- [About this task] Would you retype, word for word, only the lines from the one holding "Janette Recycled Nylon" through the final line of the entries below, without the pictures?

[Short text fragments from websites]
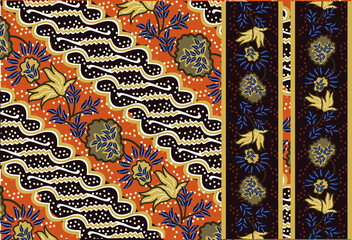 Indonesian batik motif with a very distinctive plant pattern. Exclusive vector for design - obrazy, fototapety, plakaty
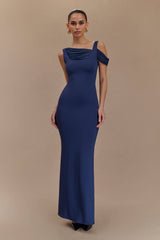 Janette Recycled Nylon And Mesh Sleeveless Maxi Dress - Navy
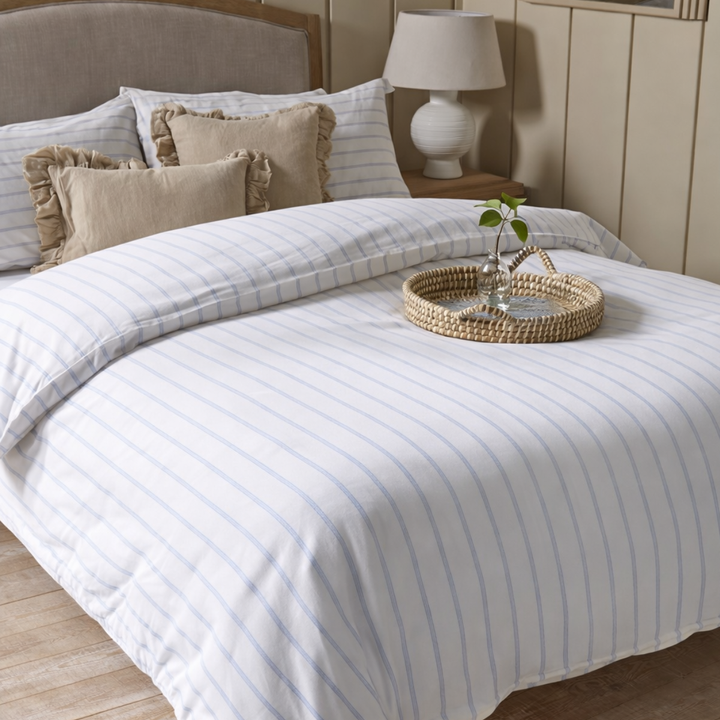 Dusk Blue Chevron Stripe Duvet - Duvet Cover Only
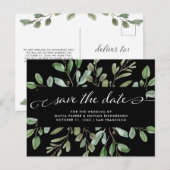 Minimalistisch gebladerte zwart | Trouwen Bewaar d Aankondigingskaart (Voorkant / Achterkant)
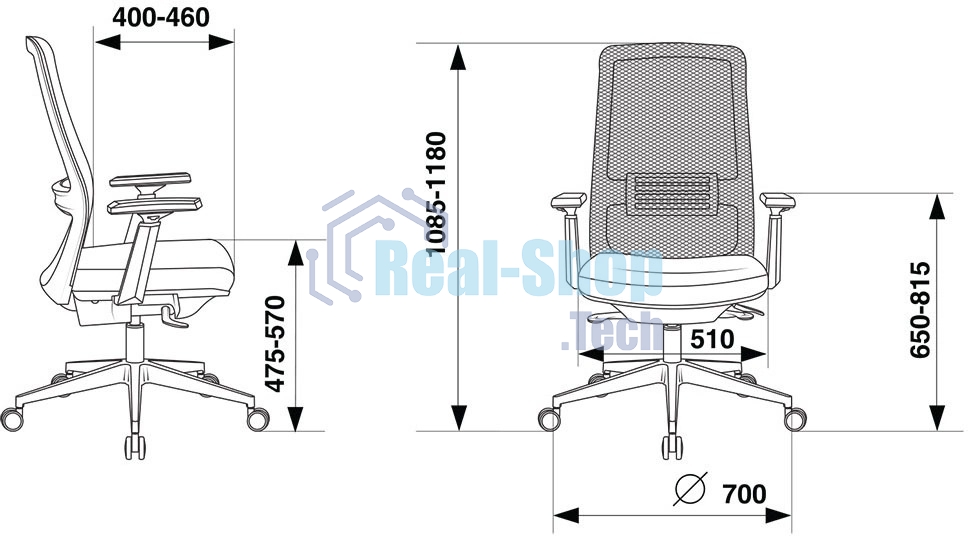 Кресло руководителя Бюрократ MC-915 черный TW-01 38-418 сетка/ткань, крестовина алюминий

- [Exercise result]
 Janette Recycled Nylon And Mesh Sleeveless Maxi Dress - Navy
 Dusk Blue Chevron Stripe Duvet - Duvet Cover Only
 Minimalistisch gebladerte zwart | Trouwen Bewaar d Aankondigingskaart (Voorkant / Achterkant)
 Кресло руководителя Бюрократ MC-915 черный TW-01 38-418 сетка/ткань, крестовина алюминий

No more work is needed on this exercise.